Task objective - All the lines below need retyping exactly, apart from the images.

Data -
· · · ·

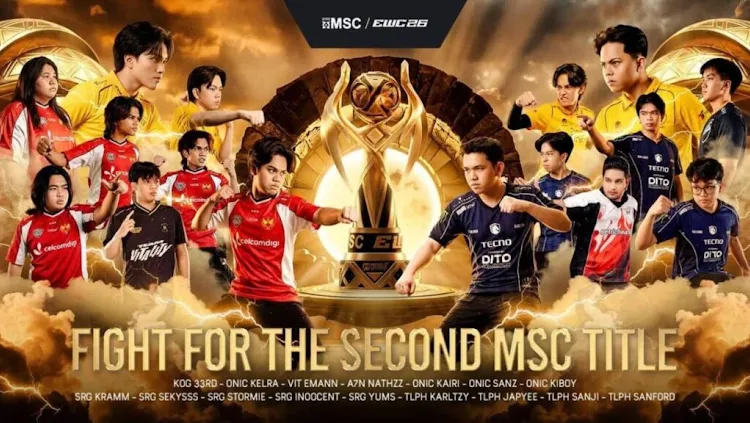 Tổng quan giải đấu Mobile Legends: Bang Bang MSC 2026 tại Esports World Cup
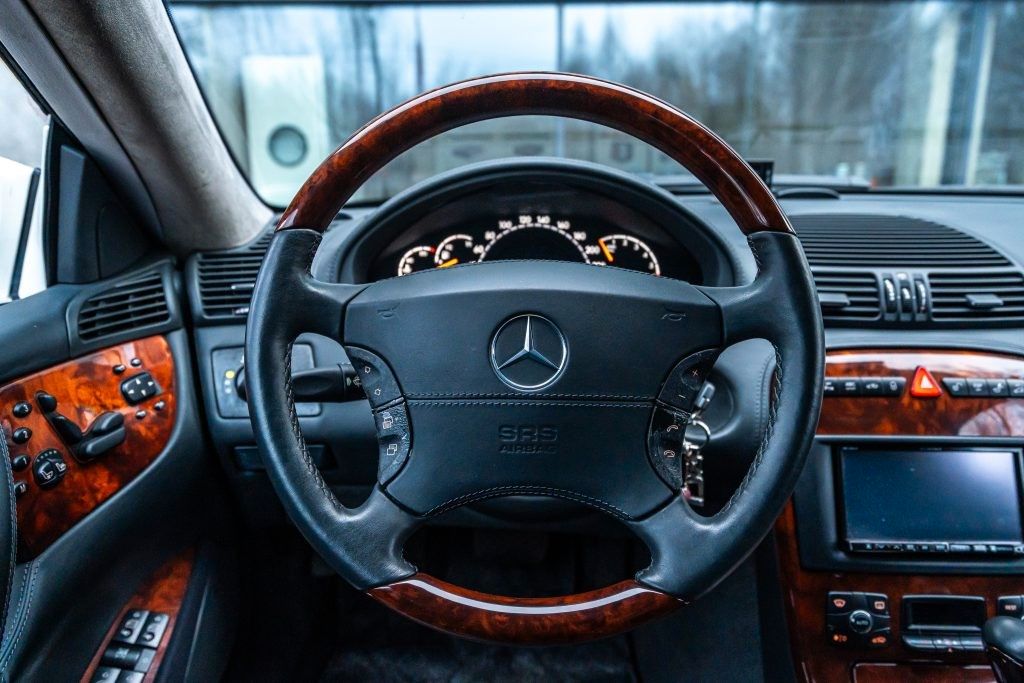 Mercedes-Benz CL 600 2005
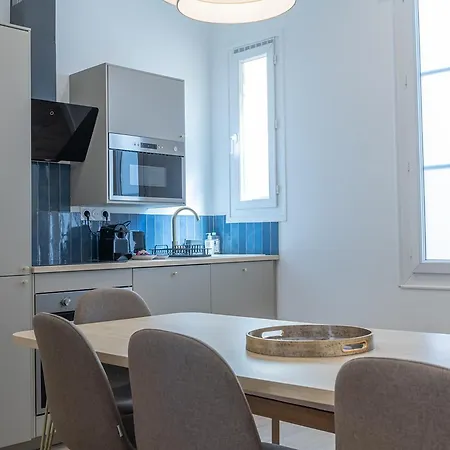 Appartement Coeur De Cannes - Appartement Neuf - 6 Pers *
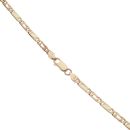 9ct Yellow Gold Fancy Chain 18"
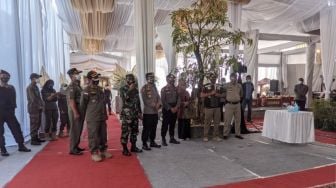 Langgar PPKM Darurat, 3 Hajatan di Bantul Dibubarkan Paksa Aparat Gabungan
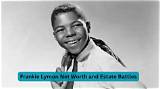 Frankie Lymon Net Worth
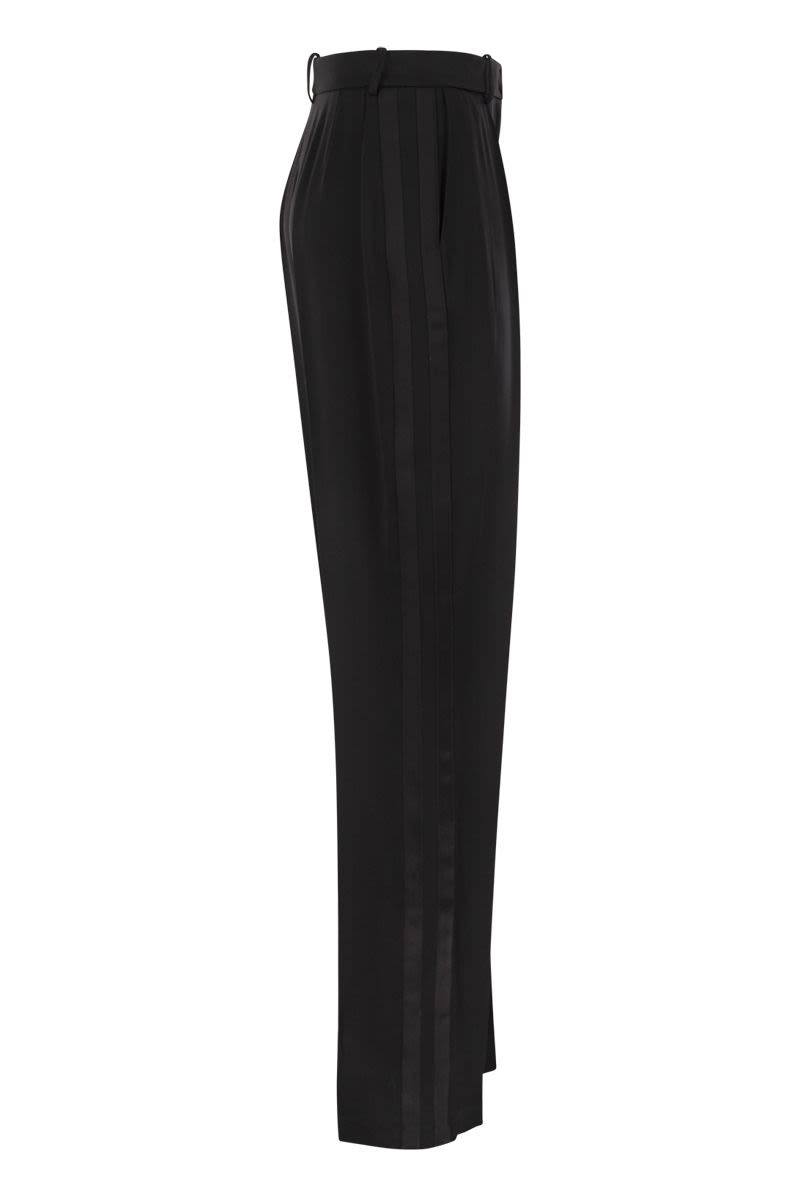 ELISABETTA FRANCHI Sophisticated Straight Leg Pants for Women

· · · ·

Answer box -
 Tổng quan giải đấu Mobile Legends: Bang Bang MSC 2026 tại Esports World Cup
 Mercedes-Benz CL 600 2005
 Appartement Coeur De Cannes - Appartement Neuf - 6 Pers *
 9ct Yellow Gold Fancy Chain 18"
 Langgar PPKM Darurat, 3 Hajatan di Bantul Dibubarkan Paksa Aparat Gabungan
 Frankie Lymon Net Worth
 ELISABETTA FRANCHI Sophisticated Straight Leg Pants for Women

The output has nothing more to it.